Moolaghatika Ketana (1200-1280 AD) is one of the important writers of Tikkana Era. His father was Maraya and mother was Sankamaamba. He was the village head of Ventirala for sometime. Later, he migrated to Nellooru where he met Tikkana. His works include Dasakumara Charitra, Andhrabhaashaabhooshanamu and Vinyaaneswareeyamu.

He translated Dasakumara Charitra (Story of Ten Youths) written by Dandi in Sanskrit, and dedicated it to Tikkana. Dandi’s Dasakumara Charitra was in prose. Ketana described the brave acts and love stories of ten young people in beautiful poetry, with delightful descriptions, in twelve chapters of 1625 verses. He used the situations, events and ornaments of his time to describe these stories. He also incorporated several Telugu traditions that were not part of the original Sanskrit work, e.g., he described the cockfight of Andhra.

Andhrabhaashaabhooshanamu is the first independent grammar book in Telugu literature, in about 196 verses of poetry. Ketana used ‘Telugu’ and ‘Tenugu’ words to describe Telugu language. Ketana opined that Telugu was an independent language (not derived from Sanskrit) that was influenced by Sanskrit.

Vinyaaneswareeyamu is the first text on jurisprudence in Telugu poetry. This is translation of ‘Mitaakshari," a very famous and still in use Sanskrit text, written by Vinyaaneswara based on the Smritis collected by sage Yagnavalkya. Even today some of the laws of inheritance, division, woman’s property etc., are used in the modern jurisprudence in India. This text comprises of three chapters and 433 verses. This text gives us an idea of the culture, traditions, jurisprudence of his time.

2) Maarana

Maarana is the son and student of Tikkana Somayaaji. He translated Markandeya Puraanamu. This puranamu is seventh of the eighteen Sanskrit puraanas. This puranamu describes the stories that were not complete in Mahabhaaratamu. Maarana dedicated this puranamu to Gannaya, chief of Army of Kakatiya Empire. When the emperor Prataparudra lost in the war and was captured by Delhi military, Gannaya converted to Islam, changed his name to Malik Makbool and came back to rule Warnagal.
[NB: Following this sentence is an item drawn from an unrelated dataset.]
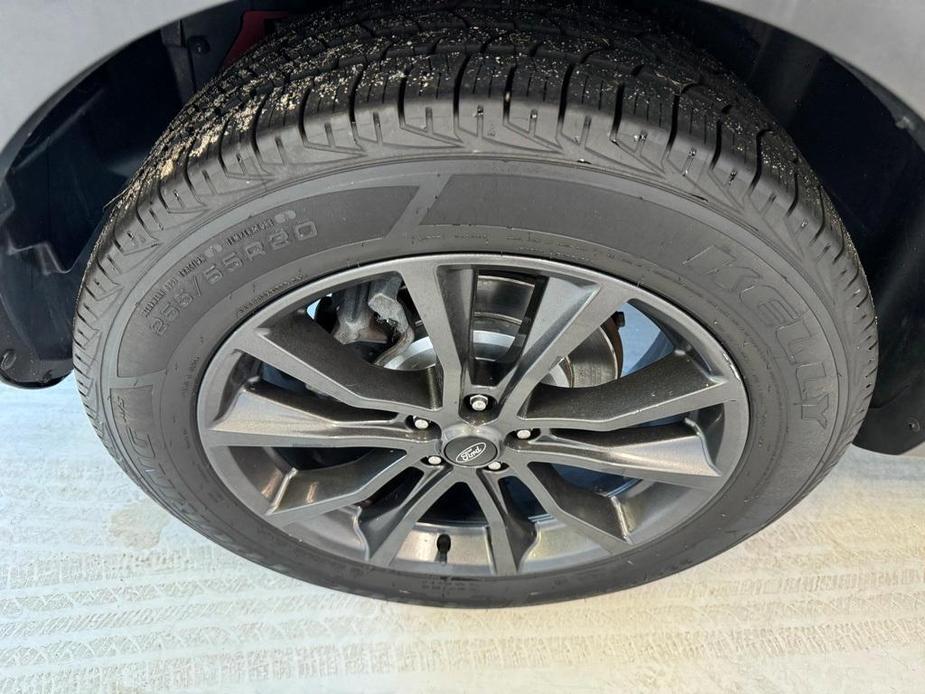 used 2018 Ford Explorer car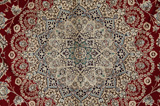 Nain6la Персийски връзван килим 302x250 - Снимка 7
Markandeya Puranamu comprises of attractive stories like Harischandra, Varoodhini-Pravaraakya, Madaalasa-Kuvalyaswa, Bahulasva, Ruchi, Maanini-Rajavardhana, Maruttu, Mahishasura Mardhanamu, Sumbha-Nisumbaha Vadha, etc. Maarana gave importance to the story and didn't deviate from the original. However, Maarana incorporated sensuality into the philosophical and religious puraanamu. Maarkandeya Puraanamu became a source for several works by later poets, like Gourana, Sankara, Peddana etc.